A prior contract for employment may expedite the process, but must be made before entering Mexico and one must still process through a consulate in the home country.
You cannot just move to Mexico and expect to work. Of course, fluent Spanish would seem necessary.


----------



## Angelpie99 (Apr 4, 2015)

Find British companies operating in Mexico City and try to get a job with them and get transferred. That's the easiest way I've heard to do it. My friend works at an American company in Mexico, and she didn't have to go through so much hassle, since she was just transferred, and she actually never physically worked in the American branch. She was hired as a telecommuter, then just transferred in as office personnel. I don't know all the particulars, but it seems the company takes care of all the paperwork for such a move, and all you have to do is show up.


----------



## TundraGreen (Jul 15, 2010)

EireLDN said:


> Hello all, just looking for a bit of advice with regards to moving to Mexico City and looking for work.
> 
> I'm a recent BSc graduate from a university here in the UK with a fair bit of professional experience in admin, customer facing type roles (currently working in administration at a university). I'm heading back to graduate school at the end of 2016 so I was hoping to spend around six months in Mexico before my program starts.
> 
> ...


If you have some money saved up I would just take the time off. The end of 2016 is such a short time that it may not make much sense for you or for a prospective employer. You can live pretty cheaply in Mexico if you work at it, even traveling around to see the country by bus.

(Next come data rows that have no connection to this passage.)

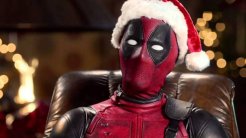 Ryan Reynolds’ın Yazdığı Noel Temalı Deadpool Filmine Ne Oldu?
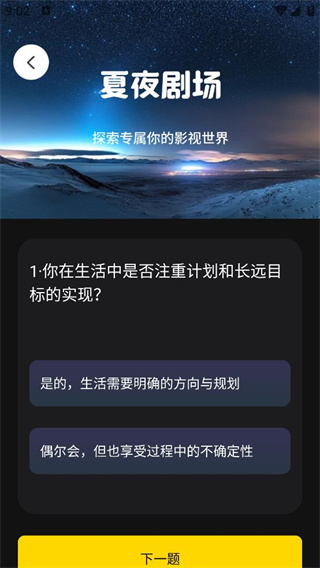 ҹ糡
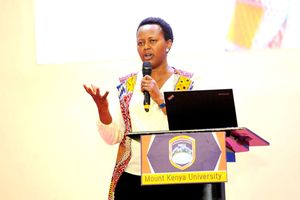 Caroline Njoki Mwangi,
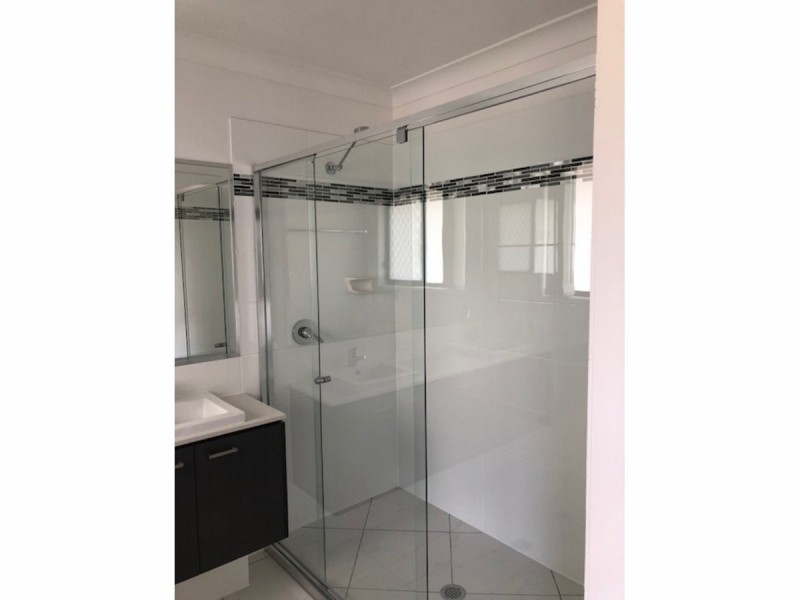 99 Figtree Circuit, Caboolture QLD 4510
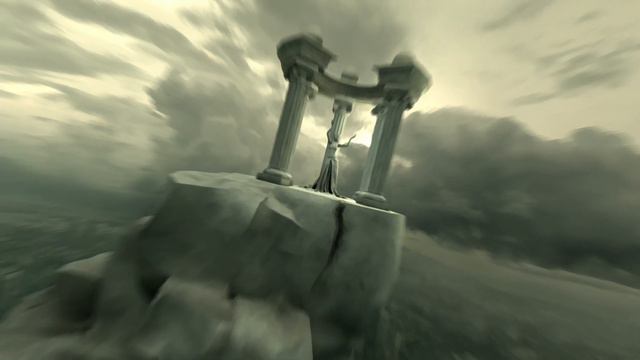 3 of the Weirdest PlayStation 3 Games | What is a demoscene?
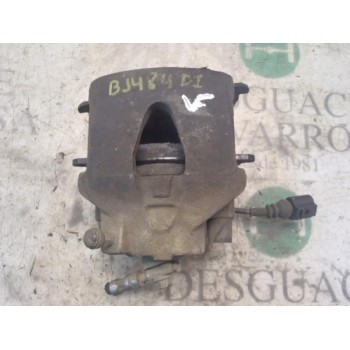 PINZA FRENO DELANTERA IZQUIERDA 1K0615123D 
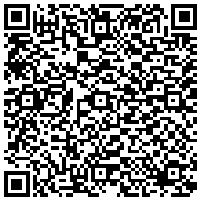 QR Code for bitcoin:bitcoin:bitcoin:bitcoin:bitcoin:bitcoin:bitcoin:bitcoin:bitcoin:bitcoin:bitcoin:bitcoin:bitcoin:bitcoin:bitcoin:bitcoin:bitcoin:dash:Xo7BoE3n4FrkbKHZLfV37uesZdVRnjEipb
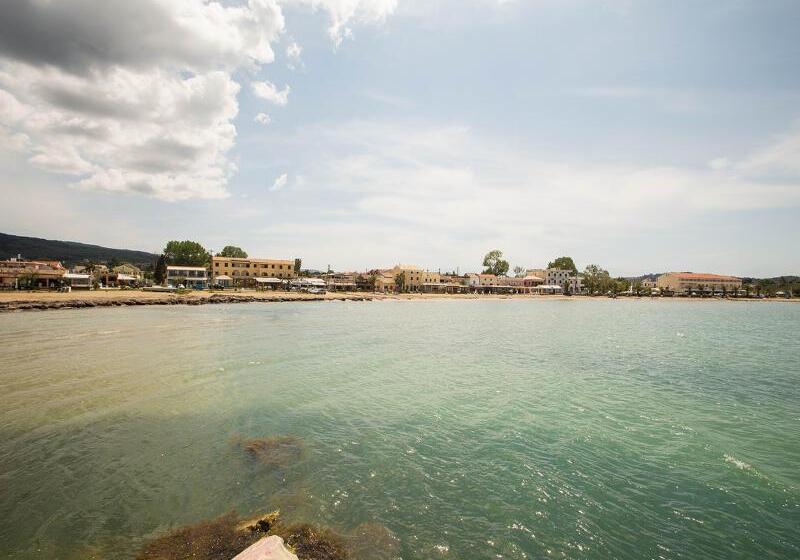 호텔 Paradise Village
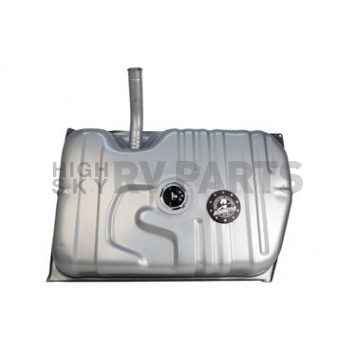 Aeromotive Fuel System Fuel Cell - 18452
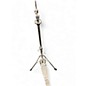 Used TAMA stagemaster hp20 Hi Hat Stand thumbnail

Getting a drivers license may vary with the state, but in Jalisco, it required a written (computer actually) and a driving test. Both were pretty simple. I didn't have another license at the time. I don't know if you can get one on a tourist permit.


----------



## michmex (Jul 15, 2012)

EireLDN said:


> Hello all, just looking for a bit of advice with regards to moving to Mexico City and looking for work.
> 
> I'm a recent BSc graduate from a university here in the UK with a fair bit of professional experience in admin, customer facing type roles (currently working in administration at a university). I'm heading back to graduate school at the end of 2016 so I was hoping to spend around six months in Mexico before my program starts.
> 
> ...



I do not believe that the testing requirement. has been implemented in the Distrito Federal. Here is a link form the D. F. government with the present requirements. 

[email protected] al Portal de la SecretarÃ*a de Transportes y Vialidad del Gobierno del Distrito Federal

Note that an immigration document is required (Visas - Residente Temporal or Residente Permanente). The term of your license will be no more than the term of your visa. A drivers license for such a short-term stay would hardly seem worthwhile. 

The Estado of Mexico has similar requirements.

Finding a job in the D.F. would generally require a visa with the permission to work endorsement. Spanish fluency would also be required. Again, finding any meaningful employment for a short-term stay would be difficult.


----------



## maesonna (Jun 10, 2008)

As for the driver’s license, it is true that it’s been announced that a test is going to be instituted, but a definite timeline hasn’t been given for that yet.
Currently, the requirements for a DF driver’s license are still just: paying the fee, presenting official ID (which, for foreigners, includes passport and residence visa (not tourist permit)) and proof of local address.


----------